Article by Scott Hubbard
T wo years after he lost his son, you could tell he had Two years after he lost his son, you could tell he had changed. Death had stolen into his family and pierced him, shattered him, broken him. Yet gradually, haltingly, he crawled up from that pit and limped among the living again. And over time, friends could see he spoke less quickly, listened more patiently, and was becoming a refuge for the wounded and bereaved. His heart, though battered and torn, had grown bigger for his grief. Years after her own traumatic trials, you could tell she too had changed. She was still sociable, but sarcasm seemed to taint most conversations. Friends couldn’t talk deeply with her anymore, at least not safely. She walked through the world as a Mara, without hope of becoming Naomi again (Ruth 1:20). Her heart, now protected under layers of superficiality, slowly calloused. Though a few details in these two portraits are imagined, the people behind them are not.

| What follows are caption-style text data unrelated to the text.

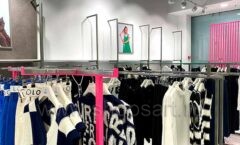 Торговое оборудование магазина одежды TeenStories ТРЦ РИО коллекция ZARA Фото 01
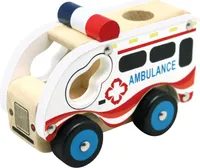 Bino Holzauto - Ambulanz ab 1 Jahr, 84081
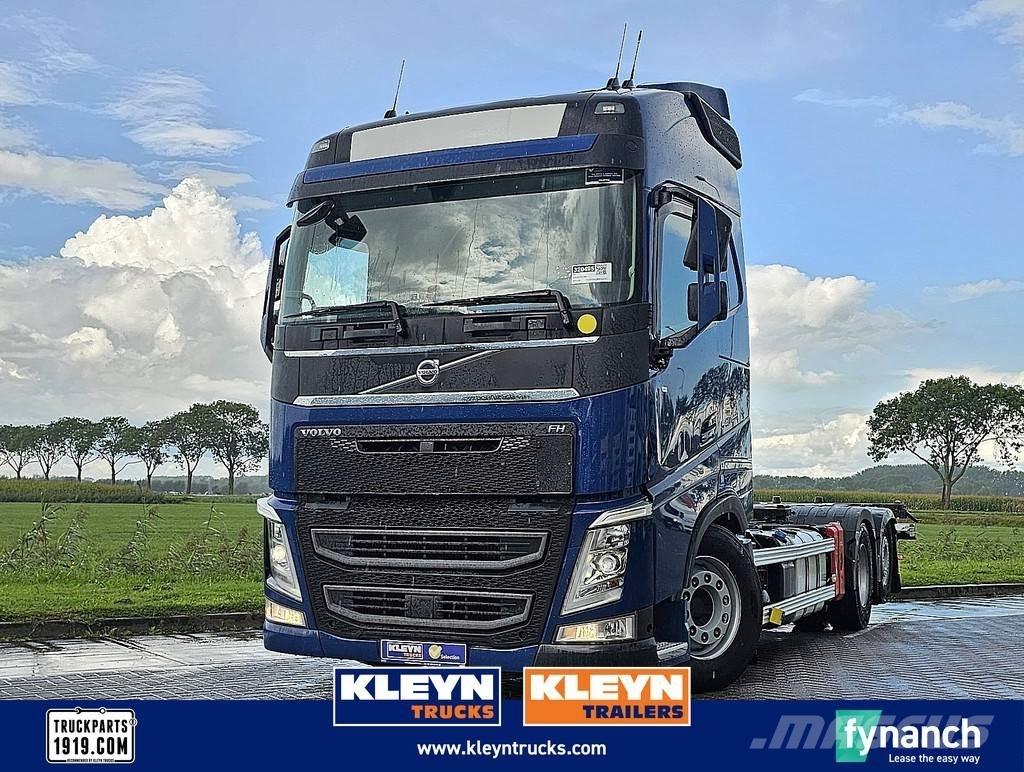 Volvo FH 540 Kabeļu pacēlājs nomontējamām kravas mašīnām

Almost a decade later, the
faces of this man and this woman remain imprinted on my memory: the first weeping in brokenhearted faith, the second smiling in detached cynicism. No doubt many of us can recall similar faces and similar stories — stories of how suffering softened or hardened someone. How suffering softened or hardened us. When the breakers and waves of sorrow wash over us, some drift into a shoreless sea of hopelessness. And others, through agonized gasps, say to their soul, “Hope in God; for I shall again praise him, my salvation and my God” (Psalm 42:5–6). Hope Against Hope The pages of Scripture are filled with such hopers: psalmists who remember God’s works at midnight (Psalm 77), prophets who sing during famines (Habakkuk 3:17–19), worshipers who trust God, though he slays them (Job 13:15). Like Abraham, all these “in hope . . . believed against hope”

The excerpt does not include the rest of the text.